During the '80's building boom in New York, Billy Adare is a tunneler (a sandhog) in the day while he attends school at night. His brother, Paddy, is an enforcer, working for Jack Tierney, who runs the construction racket in the West Side of New York.
In this plot driven novel, we learn of the sandhogs, who, at that time, are mostly Irish. The mob is attempting to control the union. They want to replace the Irish with newly immigrated Poles, pay less and keep the difference.
When one union rep is beaten to death by Tierney's crazed brother, Butcher Boy, Billy's friends ask him to check with Paddy to see if he knows who is strong arming them.
Billy is in the middle of supporting his friends and fellow sandhogs and bettering his future by attending law school.

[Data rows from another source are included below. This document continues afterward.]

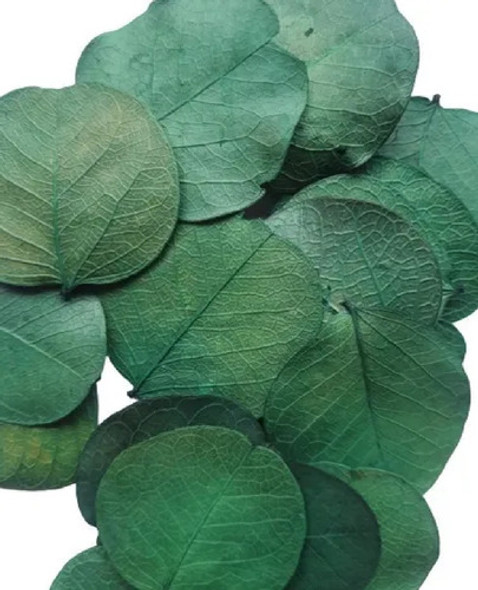 Folhas Moeda Secas Desidratadas Verde Escuro- 350 Folhas 0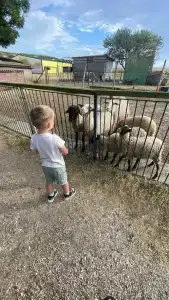 Страусиная ферма Экзотик - 48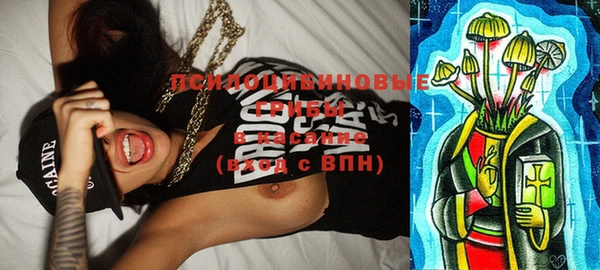 винт Богородицк
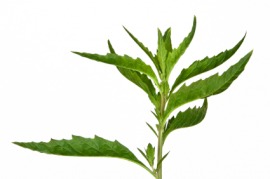 epazote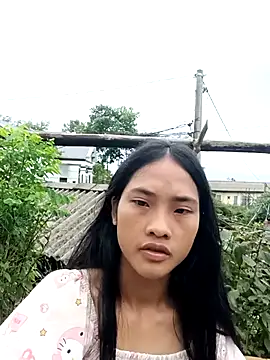 Hoa-tuylip online show from July 29, 7:17 am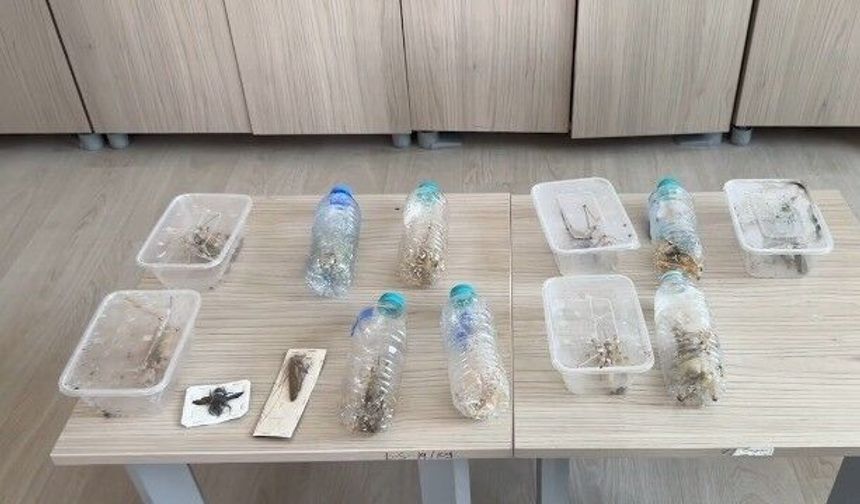 Bakan Yumaklı: İzinsiz tür toplayıcılığı yapan 2 yabancı uyruklu şahsa 1,4 milyon lira idari para cezası uyguladık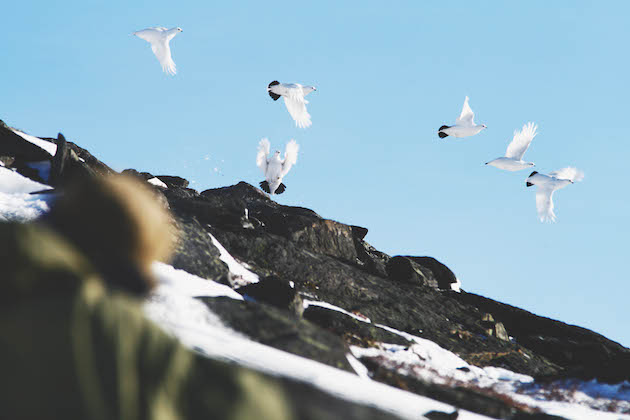 speed of birds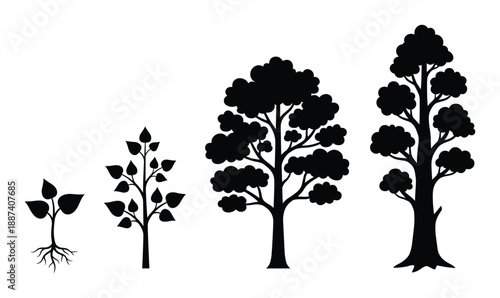 Tree Growth Stages Silhouette Vector Illustration, Tree Life Cycle Diagram in detail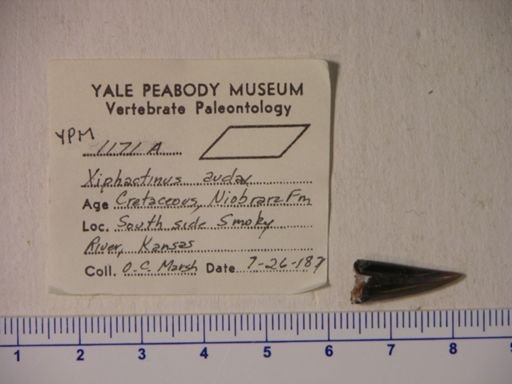 Pterodactylus ingens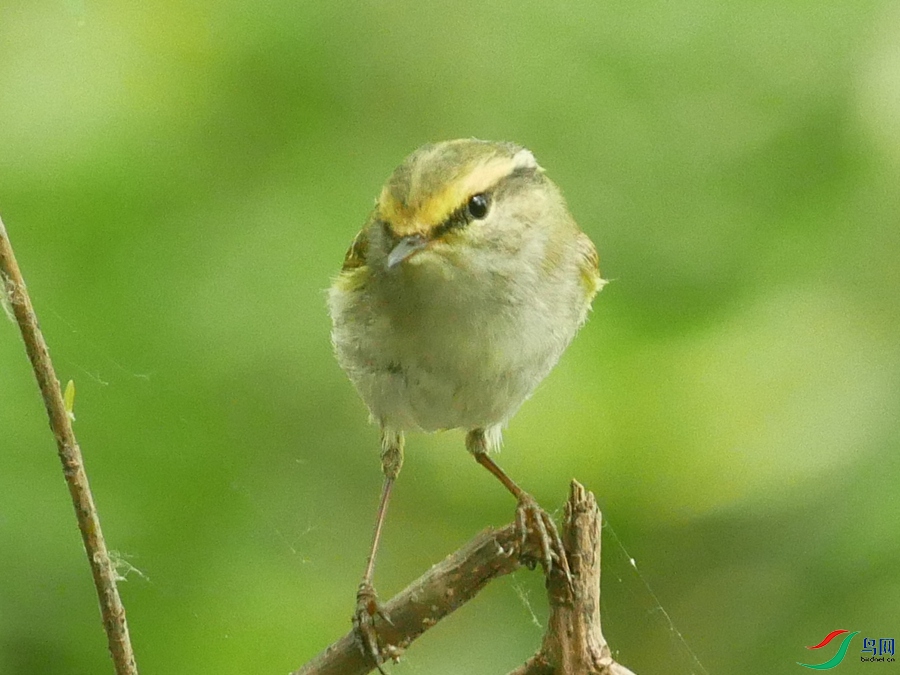 P8490547 - ����.JPG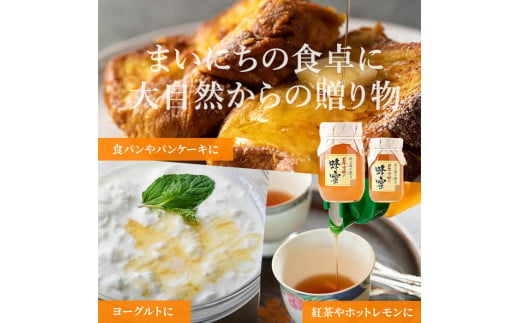 七ツ森の恵 日本ミツバチのはちみつ 600g ハチミツ 蜂蜜 日本蜜蜂 国産 日本ミツバチ 百花蜜【はちみつ屋】ta200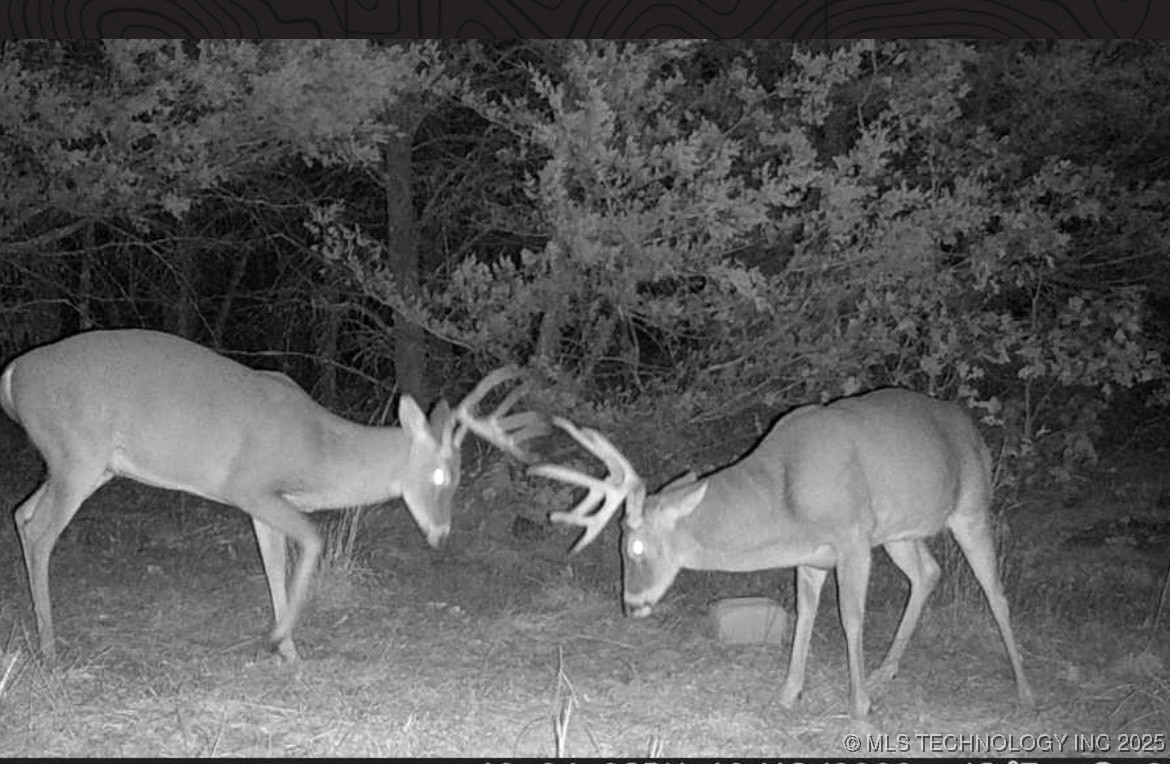 25 Tram Trail Property Photo 18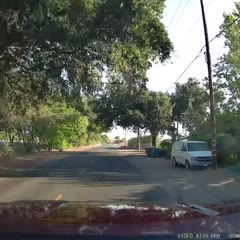 What did I just witness?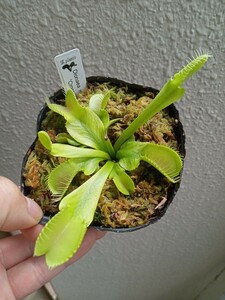 食虫植物 Dionaea muscipula crocodile CK ハエトリソウ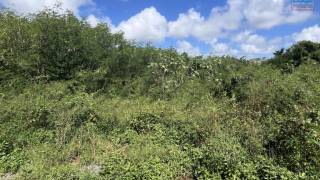achat terrain à grand gaube ()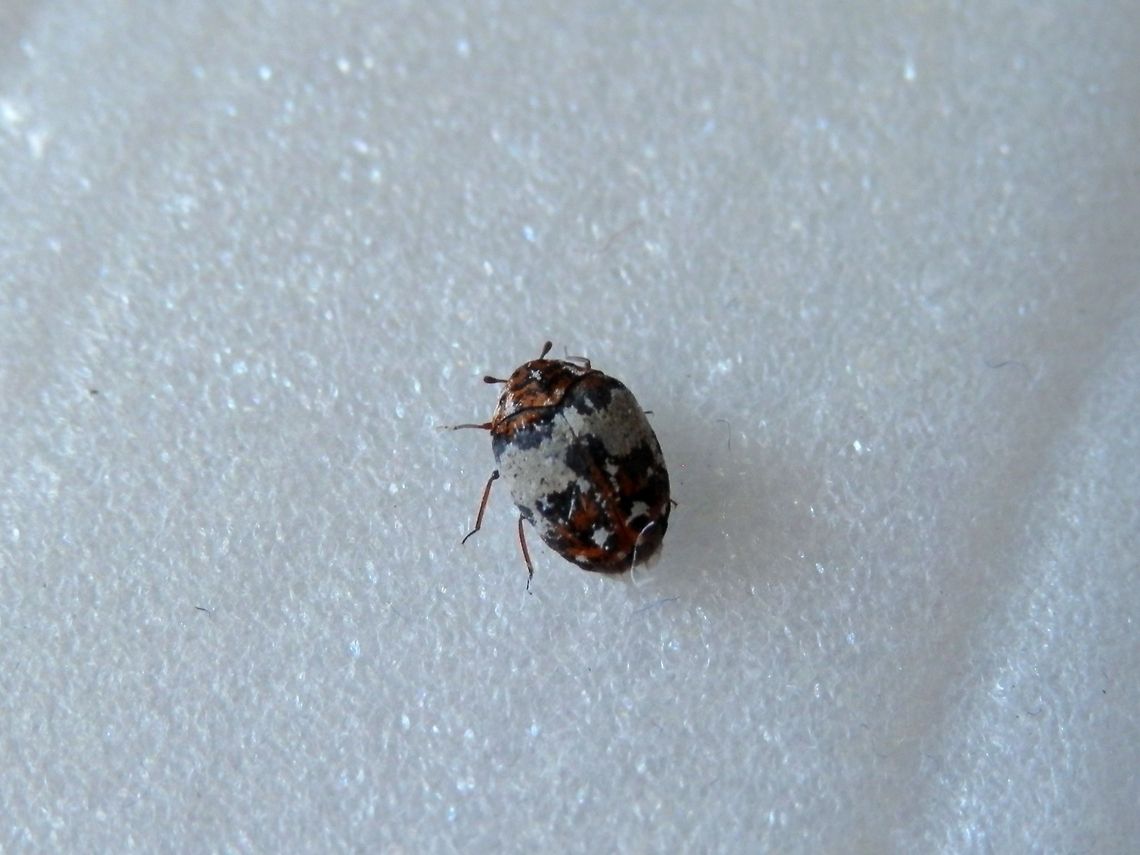Bird Nest carpet beetle  Anthrenus pimpinellae,Bulgaria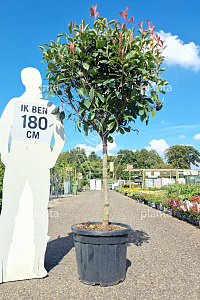 HALFST, C50, BOL 70-80 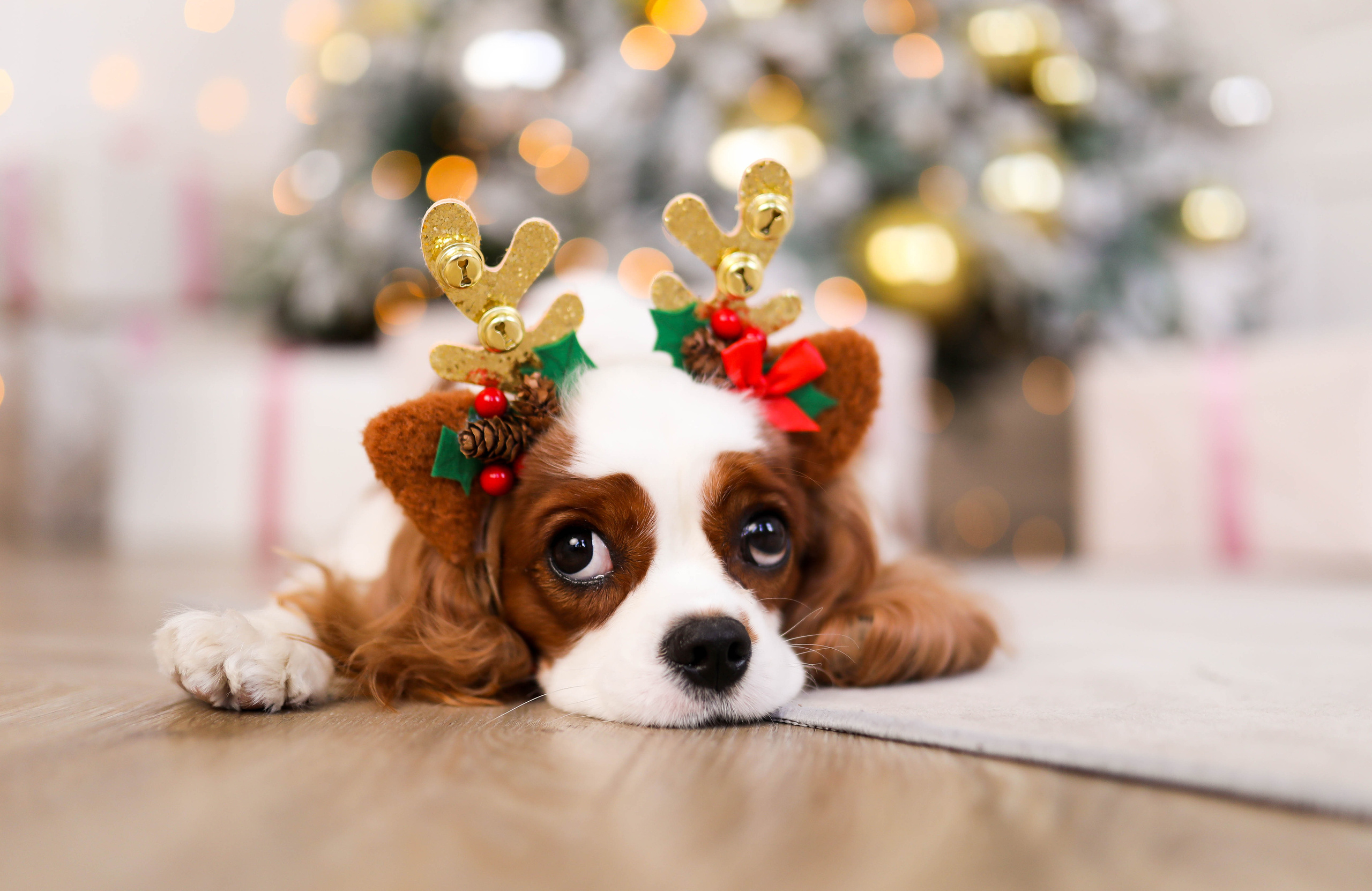 Наша Семья 2021. ФОТОГРАФ ХАБАРОВСК АНАСТАСИЯ РАЧЕНКОВА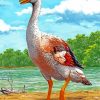 aesthetic Goose illustration diamond paintings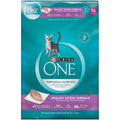 Kitten Dry Food N96850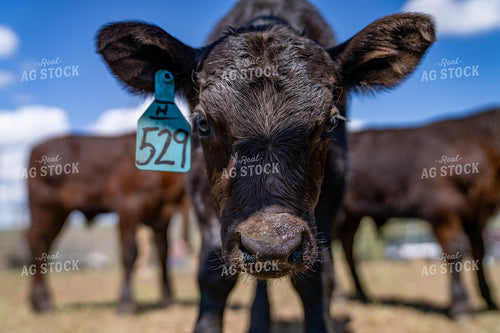 Close-Up of a Young Calf with Ear Tag on a Sunny Ranch Day 65294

The author does a good job in describing the violence and ease in which life is taken by mob enforcers. The reader wonders how all of this happened with such little publicity. Being said, there is sadness for these brave sandhogs who want nothing more than to make a living and support their families.
Billy Adare is well described and is a character who shows that there is promise from the endless repetition of going down into the tunnels. He reaches for better things and the novel seems to say that with the right circumstances and hard work, this can be achieved.
The picture of New York, at that time, with the building boom and the rush to riches, is well done and brings the reader in. The author also brings in the view of the wealthy toward the working men when we see a girl that Billy was dating and the reactions of her family and friends toward her apparent lowering herself to date a man who earned a living with his hands.